Peu de jours après son arrivée à Londres, il recevait en effet une lettre du duc de Bassano renfermant un mot de la main de l’empereur adressé à MM. Baring frères, ses banquiers en Angleterre, ouvrant à Henry Bessemer un crédit sur leur maison. Le montant de la somme était laissé en blanc.

« Qu’auraient dit nos lords de la trésorerie et notre cour de révision, écrit son biographe, à la vue d’un pareil document, eux qui, vingt ans après la guerre de la Péninsule, réclamaient et faisaient payer au généralissime de l’Europe coalisée, à lord Wellington, 5,000 livres sterling pour des dépenses commandées par eux, effectuées par lui, mais dont il ne pouvait, après ce laps de temps, reproduire les reçus ? »

Encouragé par ce concours matériel dont il usa avec discrétion, plus encore par la confiance que lui témoignait et l’appui moral que lui donnait l’empereur, Henry Bessemer reprit ses travaux, et revint à Vincennes diriger et surveiller l’essai de ses nouveaux projectiles. Le résultat dépassa son attente. Le commandant Minié, délégué pour vérifier les expériences, se déclara satisfait.

— Il est regrettable, toutefois, ajouta-t-il, que le métal de nos pièces ne soit pas plus solide. Avec d’aussi puissans projectiles, elles ne pourront résister à un tir prolongé.

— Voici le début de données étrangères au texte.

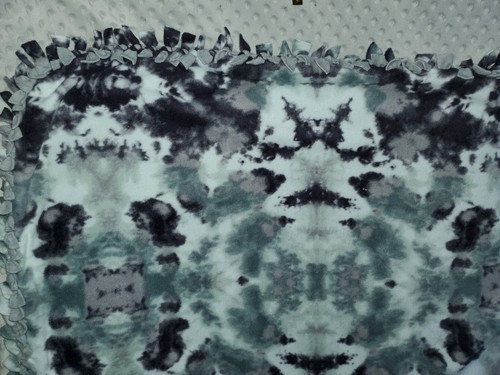 WARM HANDMADE 2 layer fringe tie blanket/throw BABY Aqua Charcoal Tiedye 60"×46" - Picture 5 of 8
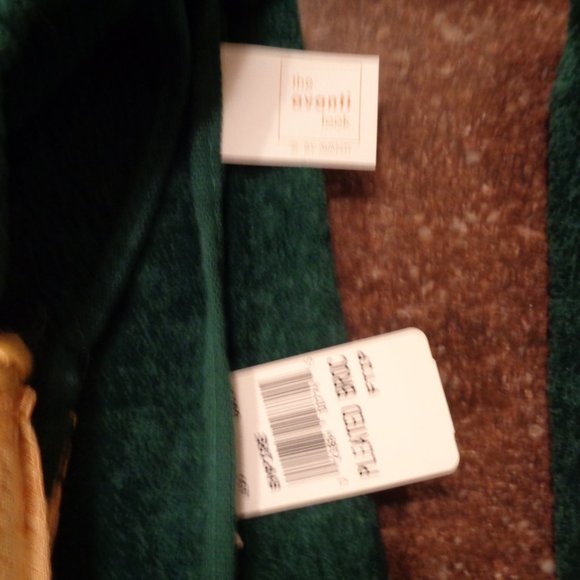Hunter green and gold towel set NWT 2 bath towels, 1 hand towel, 2 fingertip - Picture 3 of 3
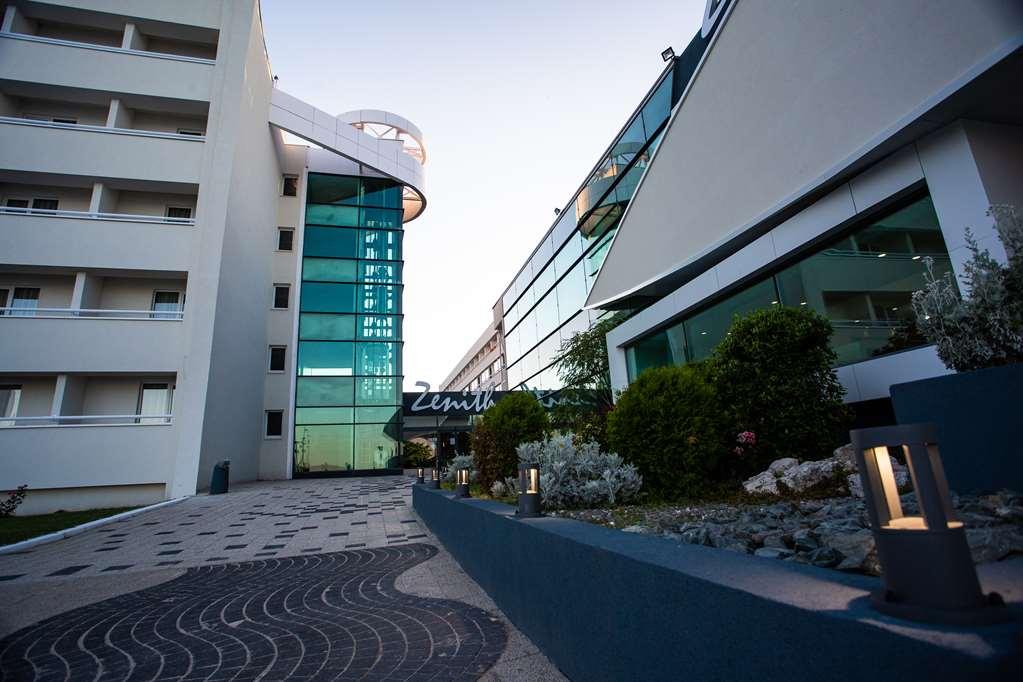 Zenith Hotel Mamaia Exterior foto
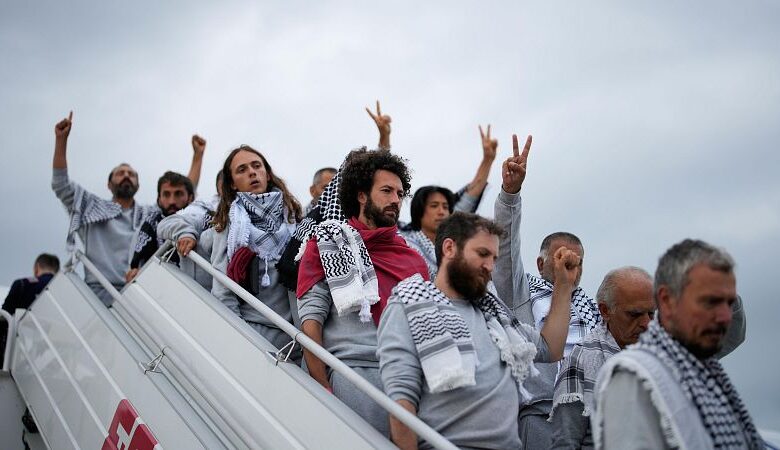Llegan a Turquía activistas de flotilla para Gaza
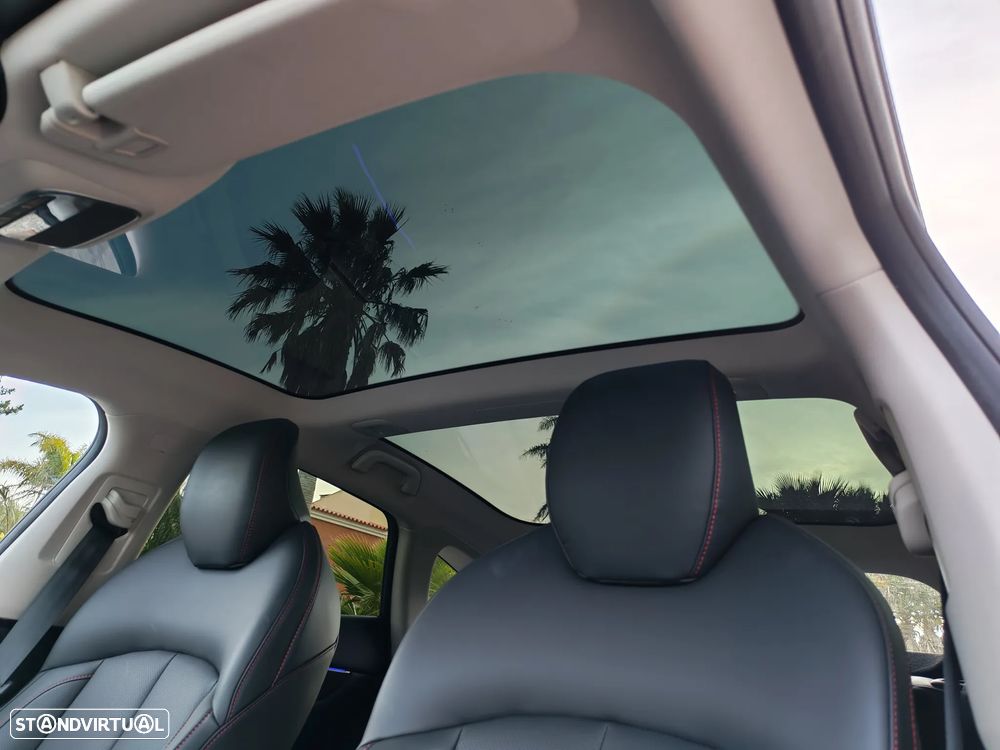 Xpeng P7i 86.2 kWh AWD Performance - 15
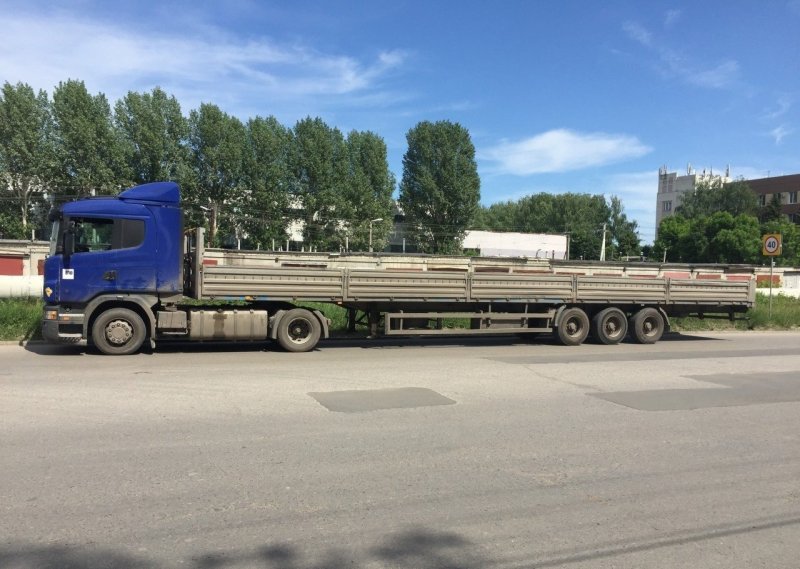 Бортовой полуприцеп шаланда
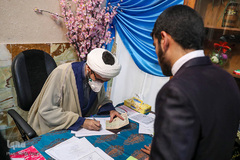 هدیه خادمان حرم شاهچراغ به زوج ها در روز ازدواج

Cette observation était juste. Elle frappa vivement Bessemer. Peu de jours après il revit l’empereur, lui en fit part, ainsi que de son intention de se livrer à des études nouvelles pour donner aux pièces d’artillerie une plus grande force de résistance. Chaque pas qu’il faisait dans cette voie, chaque objection nouvelle, le rapprochaient de son but. La suggestion faite par le commandant Minié sur le polygone de Vincennes devait être le point de départ d’une importante révolution dans l’artillerie et dans la métallurgie.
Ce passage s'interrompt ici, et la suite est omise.